Recommentation 1: Get direct feedback from staff about their work and wellbeing.

One of the most valuable learning points from surveying over the years was that communication is key. On a number of occasions, the timeliness of communication and an actual or perceived lack of communication regarding particular situations and changes were often cited as being detrimental to staff wellbeing.

Recommendation 2: Consider how your communication may positively and negatively affect staff wellbeing. As a self-assured, strategic leader of few words, I can often plot a route through challenging circumstances and can navigate my team or organisation through it. I analyse situations, create a plan, and implement the solution. However, I often neglect to effectively narrate the journey. This default setting of mine works well for some staff, however, for others, it leaves them unsure, unheard and unable to follow with confidence. At my last school, my staff were so hardworking, committed and determined. They knew that tough-decisions would often have to be made. By providing them with the rationale behind key decisions or with the limited information I was able to share during the decision-making process the potential for uncertainty, disquiet and anxiety was greatly reduced.

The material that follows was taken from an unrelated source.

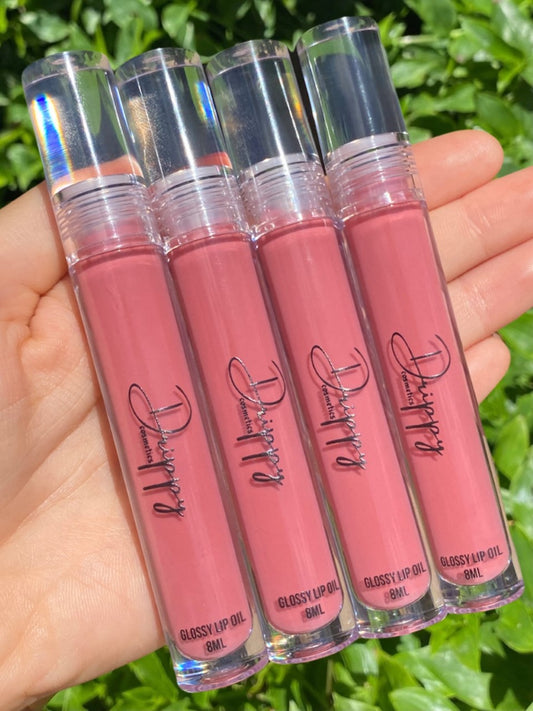 DRIPPY COSMETICSBlush Glossy Lip OilNot as thin as a lip oil &amp; not as thick and sticky as a Lip gloss. 
Our light-weight, silky formula gives you the shine of a Lip gloss with less stickiness and m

Recommendation 3: Consider how decisions and communications will affect different people differently. Everyone has a unique personality and set of past experiences that impact how they respond to new situations. Nevertheless, there are some common occurrences and some responses that can be foreseen. One method is to play out in your mind how a particular change might be perceived by 'Mr Taylor' or by considering how 'Miss Ali' might respond to this information being shared at this time. Having specific people in mind when leading through changes and challenges can be a helpful tactic for refining our approaches and actions as leaders. This tactic can also be supported more robustly through the use of personality assessments. There are numerous tests, they all have their unique ways of categorising individuals and they are by no means perfect in their assessment methodologies or findings. However, they can provide insightful and actionable intel. I have used CliftonStrengths 2.0 and Enneagram myself and with colleagues to great effect. Often these assessments are effective in identifying and articulating our ways of working, natural responses and personal preferences. When these descriptions resonate they provide us with helpful language that can enable us to better understand ourselves and relate to others.

Concluding thoughts

In summary, do take a common-sense approach to wellbeing, but then go beyond broad-brush strategies to understand the specific needs of your staff and organisation. Reflect on communication as a key to healthy leadership, and consider your team's unique personalities and preferences and plan for their likely responses in advance.